Missy noted in one of her tweets that proximity, time and action have been the factors by which Rule 18-2 has always been interpreted. But perhaps, given the new local rule -- which eliminates the penalty -- we should reassess which of those factors still matter. Without the penalty, these factors now only determine whether the ball is replaced or not.

I question how important any of them are now, now that there's no penalty.

My first suggestion, from the post I did back in August, is simply to set a threshold for proximity. I suggested that, if you moved your putter within one ball width of your ball before it moved, you are deemed to have moved it. If you didn't, then you are deemed NOT to have moved it.

This is a simple solution that could be easily verified on video, if need be. And players would know beforehand -- "If I sole my putter behind the ball and then it moves, I moved it. Just replace the ball." After all, since the new rule removes the penalty, the only question now becomes whether players replace their ball after movement or not.

That's simple. It's easy to determine, easy to enforce. Forget time and action and anything else -- if you placed or moved your putter within one ball width of it, you moved the ball. Players know immediately whether to replace the ball or leave it where it came to rest. And since every player knows the distance between putter and ball that determines it, it's fair to everybody. We spend ten seconds instead of ten minutes on this, and we get on with the game.

But back then I was trying to make the penalty easy to assess. Now, since the USGA and the R&A have removed the penalty, I believe there's an even simpler solution.

My second -- and preferred -- solution is even simpler: If your ball moves on the green after you've marked it, for whatever reason, simply replace the ball and get on with the game. Look, there's no penalty either way, right? And if you were able to mark the ball in the first place, then there's a solid place for the ball to sit, right? Then replace the ball and replay it from that spot, the way you originally planned. That's fair to everybody.

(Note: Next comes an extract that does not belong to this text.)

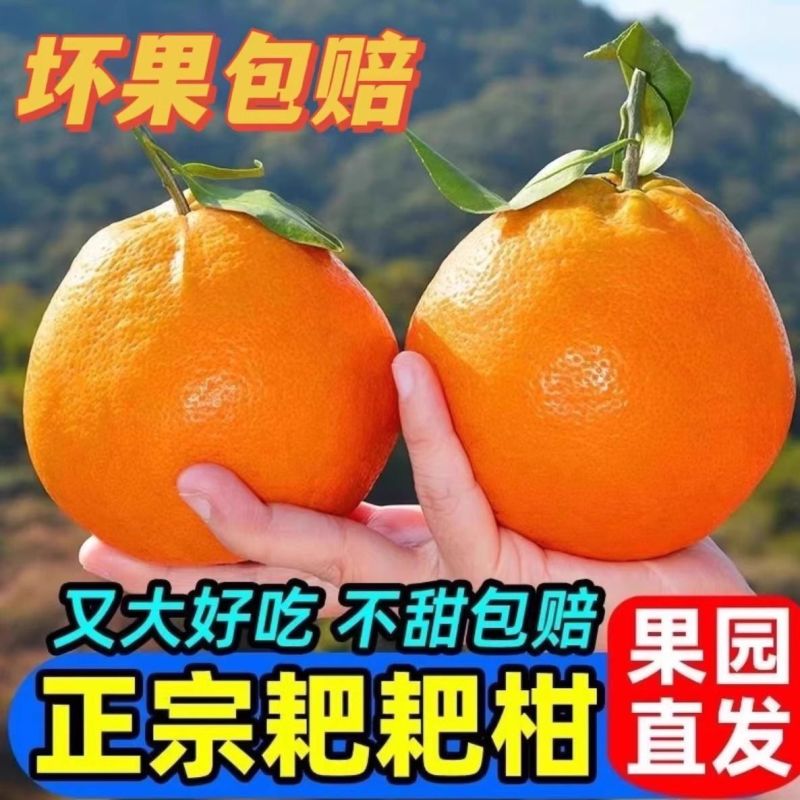 【精选】四川春见耙耙柑量大从优对接全国一条龙服务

And if conditions have changed and the ball will no longer stay put, we have other rules that regulate that, correct? Rules like "place the ball on the nearest spot where it WILL stay" and "suspend play until the course is playable again." If those circumstances come up, we're already prepared.

But in my opinion, since the penalty has been removed, there is simply no longer any need for complicated rules regulating unintended ball movement on the green. One or two unambiguous sentences can do the job from now on.

And that's my two cents.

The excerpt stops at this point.